Content starts

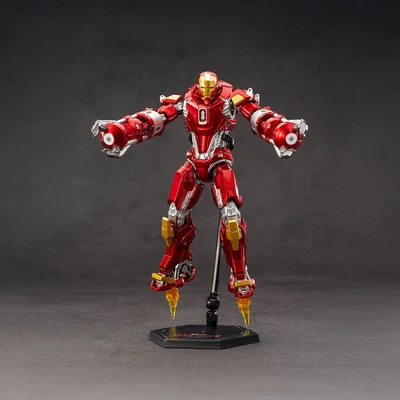 Gambar Top Gear ZD Infinite Action Figure X Iron Man MK35 18 cm - Merah
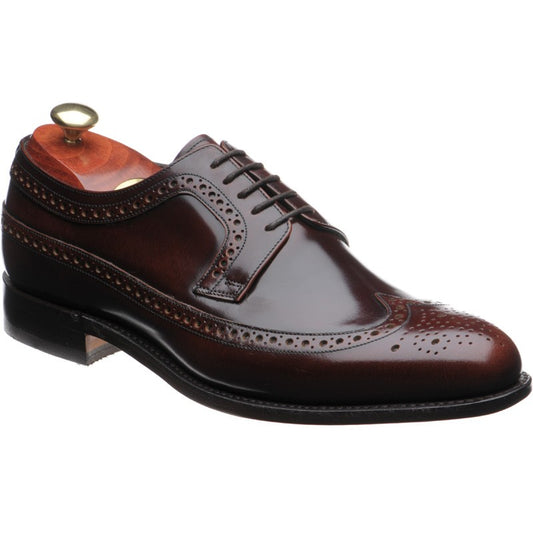 Product image for Barker Woodbridge in brandy polished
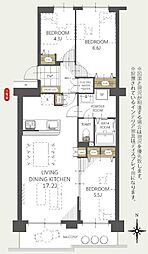 コープ野村山鼻 708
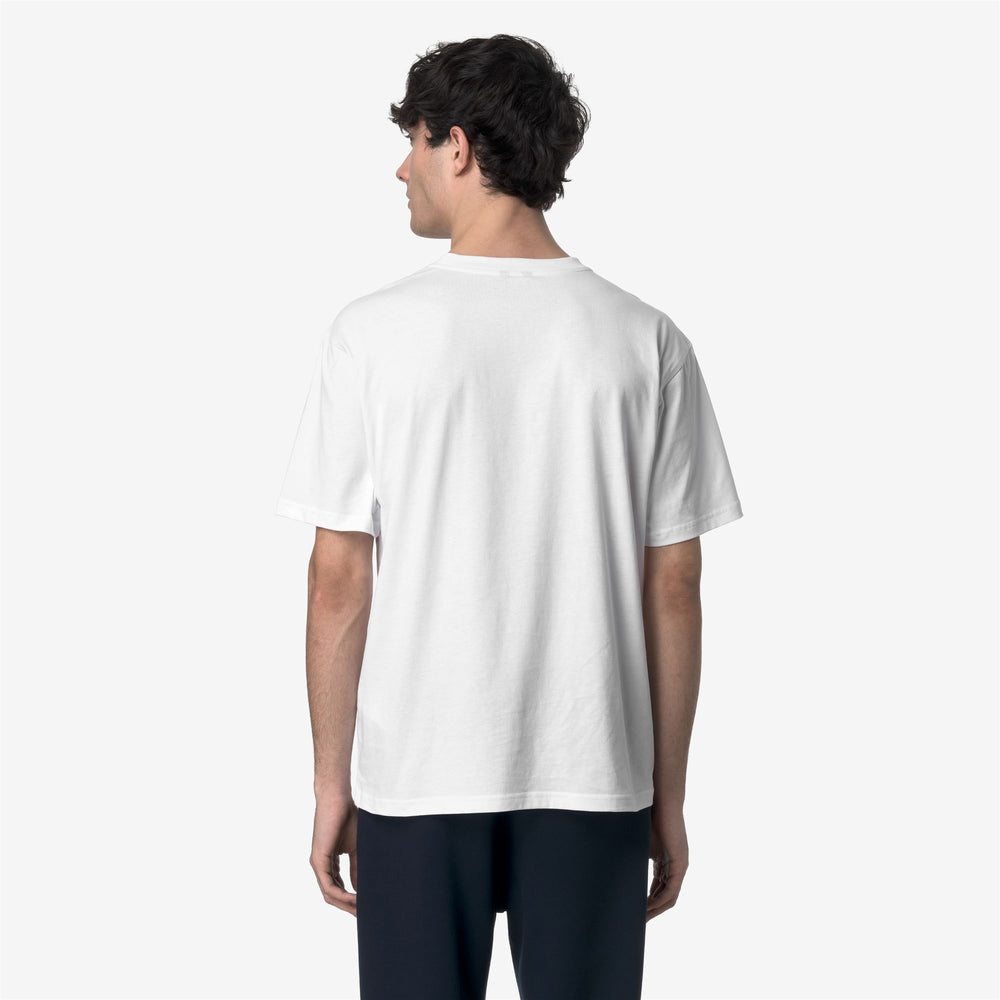 Grey White Men's Casual Cotton T-Shirt for Everyday Wear 02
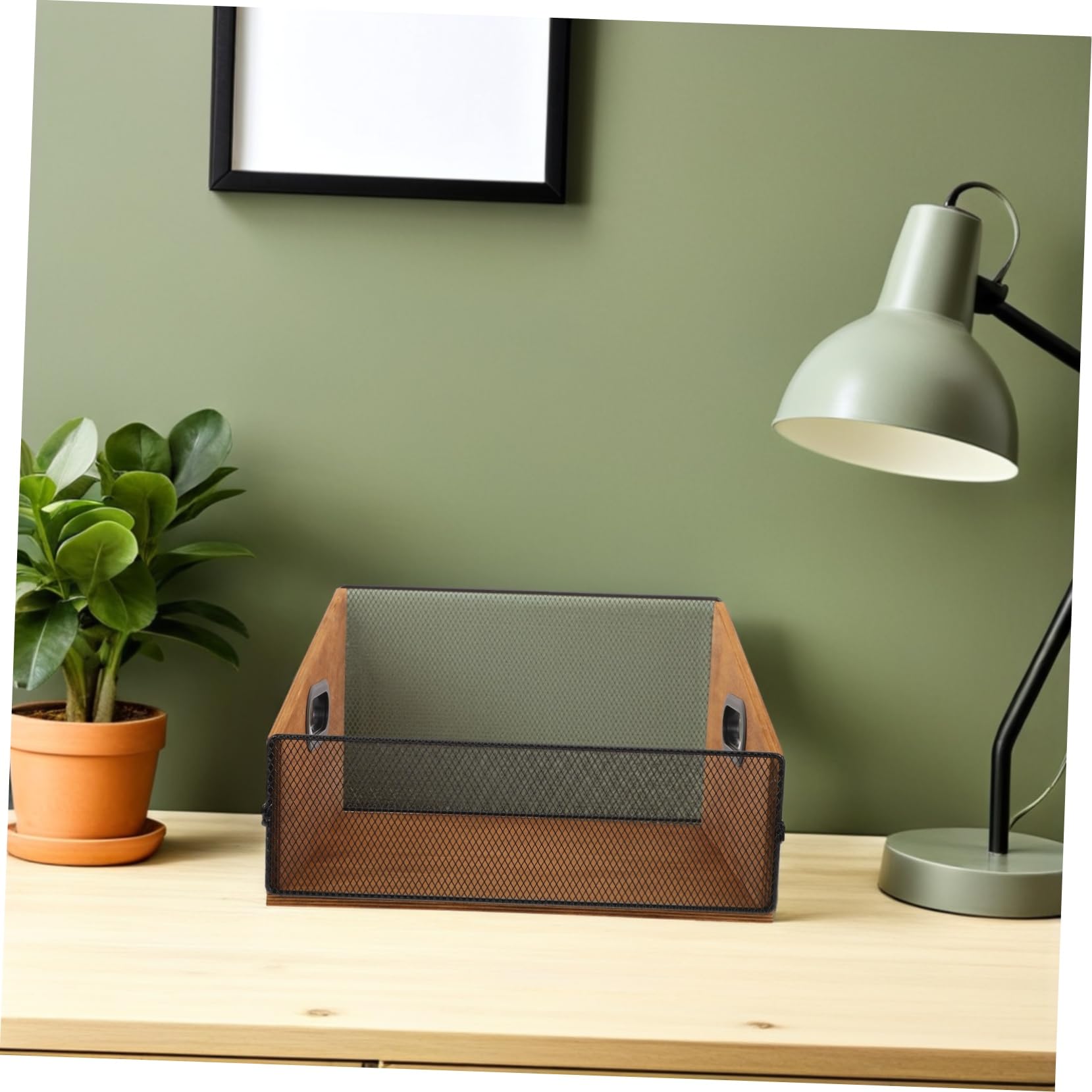 Scatola in Legno Massiccio per Dischi in Materiale con Maniglie Scatola Rustica per Archivio Album e Riviste Organizer Robusto e Stabile per Raccolte Musicali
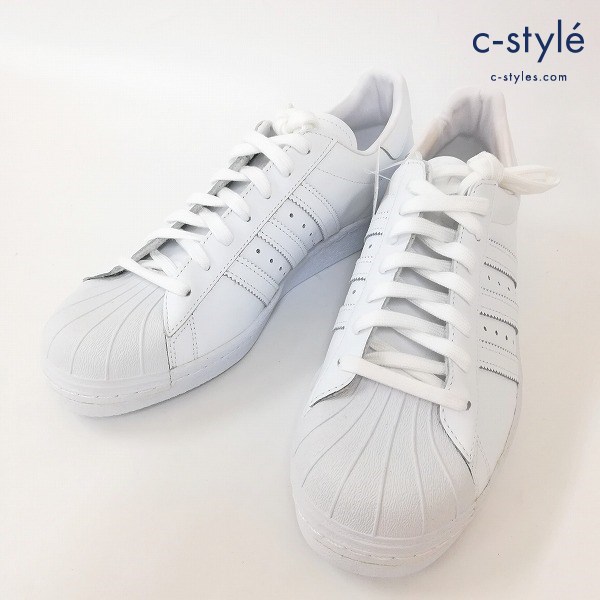 adidas アディダス SUPERSTAR 80S S79443 スーパースター スニーカー 28cm ホワイト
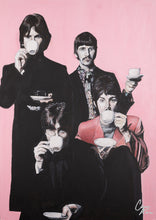 Load image into Gallery viewer, 'Let It Tea' - The Beatles - Canvas Print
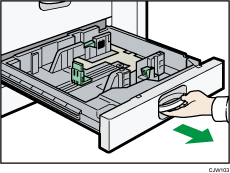Tray 2 illustration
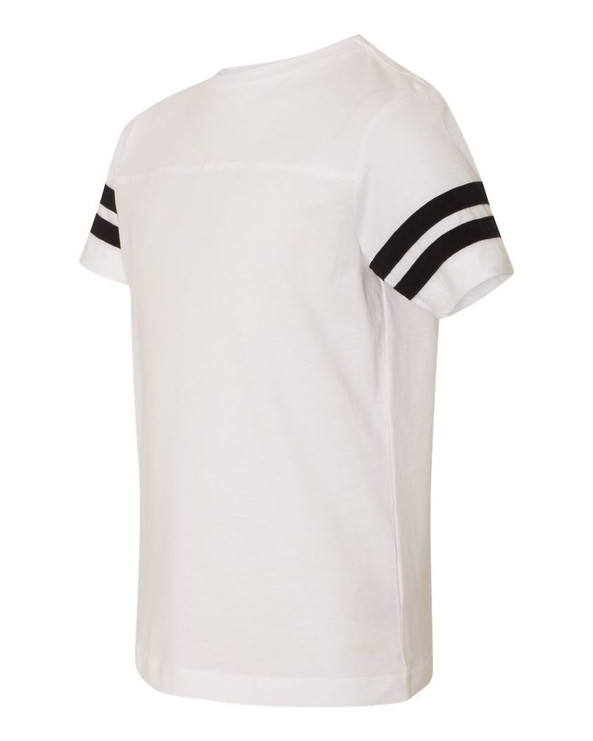 LAT 6137 - Remera de fútbol Vintage para jóvenes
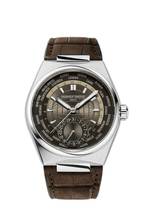 Thumbnail von Frederique Constant Manufacture Worldtimer Highlife Worldtimer Stahl Automatik Armband Krokoleder Faltschließe 41mm Ref.FC-718C4NH6 Box&Pap. Full Set Neu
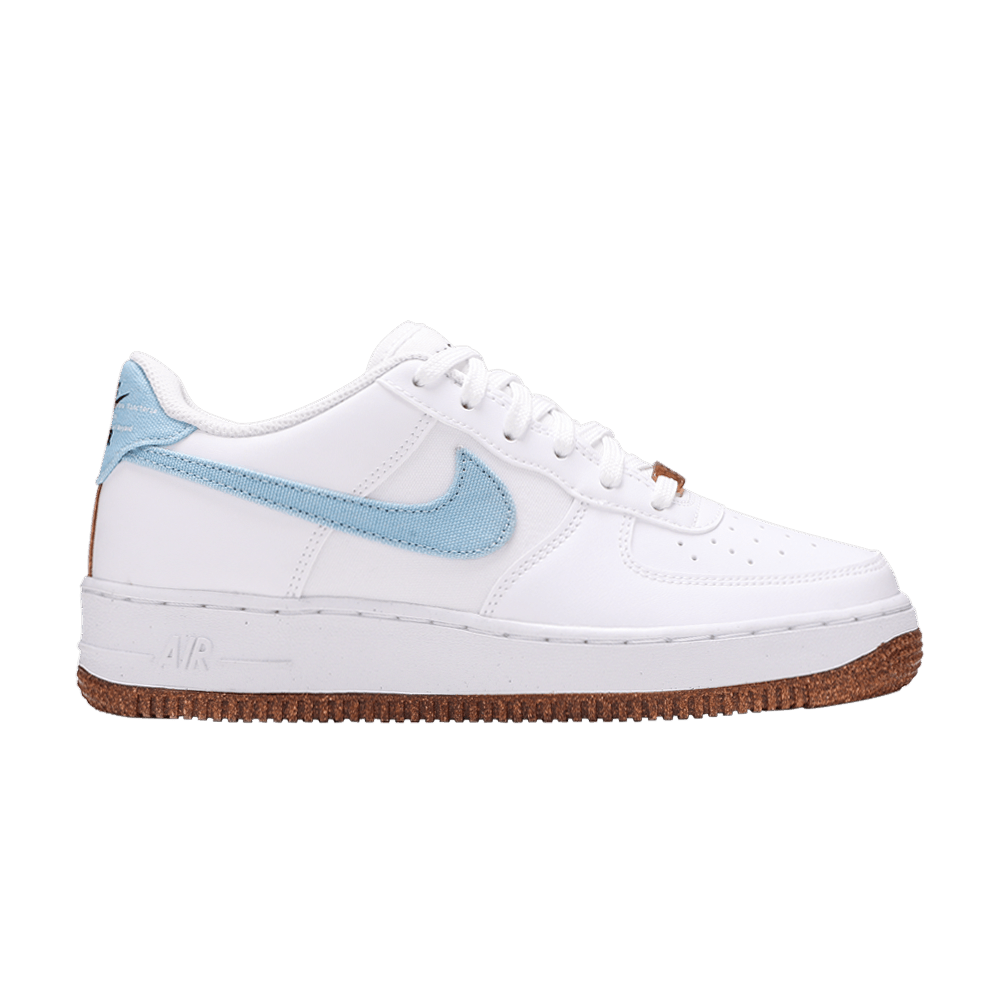 Кроссовки Nike Air Force 1 LV8 GS 'Indigo'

Content ends

An exact restatement of the lines from the one holding "adidas アディダス SUPERSTAR" through the end of the entries, both ends included, is the whole answer. Pictures stay out.

# [SOLUTION]
 adidas アディダス SUPERSTAR 80S S79443 スーパースター スニーカー 28cm ホワイト
 Load image into Gallery viewer, 'Let It Tea' - The Beatles - Canvas Print
Tray 2 illustration
 LAT 6137 - Remera de fútbol Vintage para jóvenes
 Thumbnail von Frederique Constant Manufacture Worldtimer Highlife Worldtimer Stahl Automatik Armband Krokoleder Faltschließe 41mm Ref.FC-718C4NH6 Box&Pap. Full Set Neu
 Кроссовки Nike Air Force 1 LV8 GS 'Indigo'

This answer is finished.